Alternatively, we can also represent quaternion \(q=(q_0, q_1, q_2, q_3)\) as a real \(4\times4\) matrix:
\begin{equation}
\begin{pmatrix}
q_0 & -q_1 & -q_2 & -q_3 \\
q_1 & q_0 & -q_3 & q_2 \\
q_2 & q_3 & q_0 & -q_1 \\
q_3 & -q_2 & q_1 & q_0
\end{pmatrix}
\end{equation}
(The quaternion can also be recovered from such a \(4\times4\) matrix by comparing the entries.) The four basic quaternions 1, \(\mathbf{i}\), \(\mathbf{j}\), and \(\mathbf{k}\) then take the form
\begin{eqnarray}
1 &=&
\begin{pmatrix}
1 & 0 & 0 & 0 \\
0 & 1 & 0 & 0 \\
0 & 0 & 1 & 0 \\
0 & 0 & 0 & 1
\end{pmatrix}\\
\mathbf{i} &=&
\begin{pmatrix}
0 & -1 & 0 & 0 \\
1 & 0 & 0 & 0 \\
0 & 0 & 0 & -1 \\
0 & 0 & 1 & 0
\end{pmatrix}\\
\mathbf{j} &=&
\begin{pmatrix}
0 & 0 & -1 & 0 \\
0 & 0 & 0 & 1 \\
1 & 0 & 0 & 0 \\
0 & -1 & 0 & 0
\end{pmatrix}\\
\mathbf{k} &=&
\begin{pmatrix}
0 & 0 & 0 & -1 \\
0 & 0 & -1 & 0 \\
0 & 1 & 0 & 0 \\
1 & 0 & 0 & 0
\end{pmatrix}
\end{eqnarray}
It is easy to verify that these matrices satisfy the defining equations for basic quaternions introduced earlier. This lets us perform all quaternion additions and multiplications as matrix operations between \(4\times4\) matrices with real entries. (It also gives us a hint that direct quaternion mathematics may be computationally more efficient than the part of vector/matrix mathematics it is capable of encoding.)
The conjugate and the norm of a quaternion can be obtained from these matrices as well with standard matrix computation tools like transposition and determinant. Since we will not use any of this here further, we refer the reader to the Wikipedia article on quaternions for further information.
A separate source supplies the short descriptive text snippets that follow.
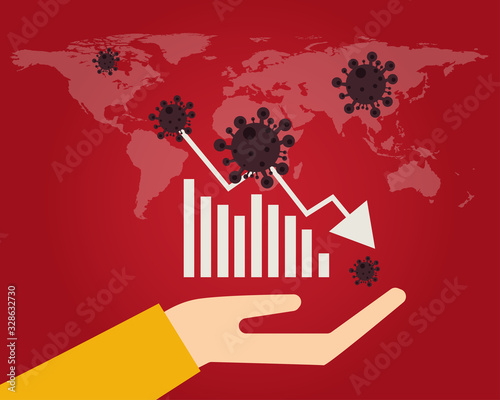 Economy down with Covid-19 crisis concept: there are virus with red background and world map, bars of chart and down arrow for your design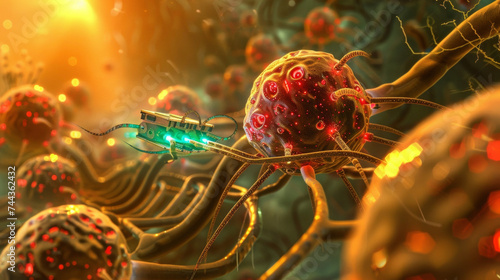 Detailed image of a nanorobot navigating through the maze of vessels targeting the tumor site with precision. photo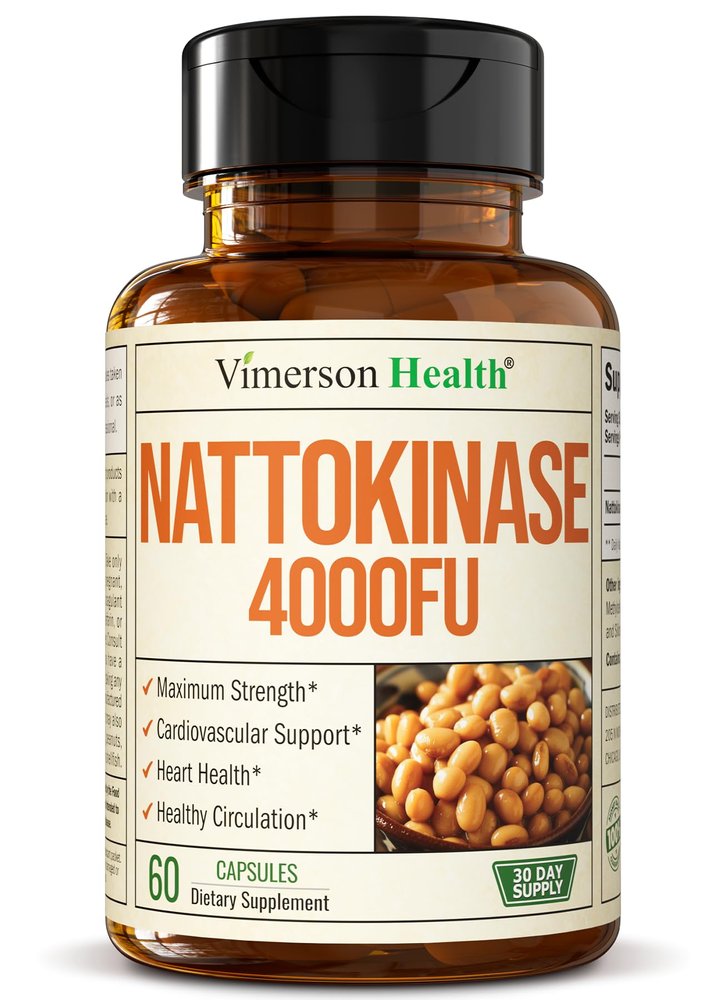 Nattokinase Supplement - Heart Health Supplements with Nattokinase 4000 FU - Max Strength Circulation Supplements - Systemic Enzymes for Healthy Circulation & Smooth Flow. Non-GMO & Vegan. 60 Capsules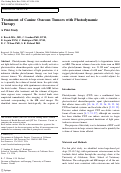 Cover page: Treatment of Canine Osseous Tumors with Photodynamic Therapy: A Pilot Study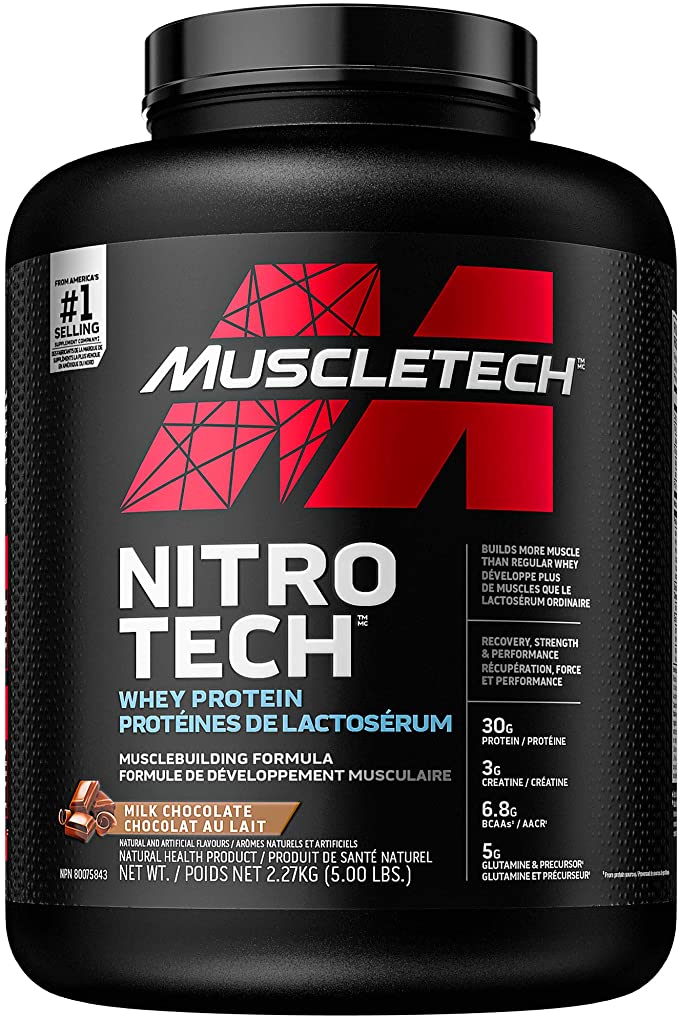 Whey Protein Powder, MuscleTech Nitro-Tech Whey Protein, Whey Isolate & Peptides Protein Powder, Muscle Builder for Men & Women, Lean Protein Powder for Muscle Gain, Chocolate, 5 lbs (50 Servings)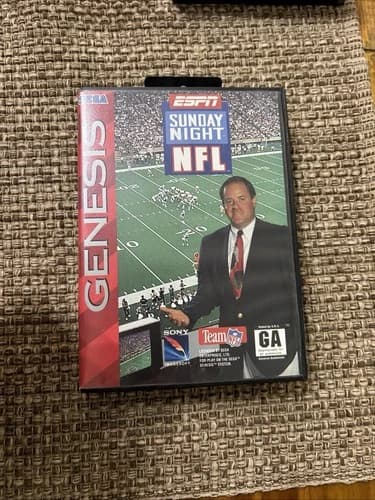 ESPN Sunday Night NFL Sega Genesis Complete With Manual And 1994 NFL Schedule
Rotations Using Quaternions
Unit quaternions, i.e. quaternions with norm \(||q||=1\), can be used to describe rotations in three-dimensional space. We shall first describe “A-style rotations” with them (i.e. the active rotation of a vector with respect to a fixed basis; see the section on the rotation matrix formalism on a separate page for an ad hoc definition of this term), and later comment on how to use them for “B-style rotations”, which rotate the basis underneath a vector perceived as fixed in space (basis transformation of the coordinate matrix of the vector to a different basis which is rotated compared to the original one).
Reminder: Rotations in 2D using Complex Numbers
Before proceeding with discussing how quaternions allow us to perform rotations in three-dimensional space, let us remind ourselves how complex numbers are used to perform rotations in two-dimensional space. The complex plane can be viewed as representing a two-dimensional Euclidean space.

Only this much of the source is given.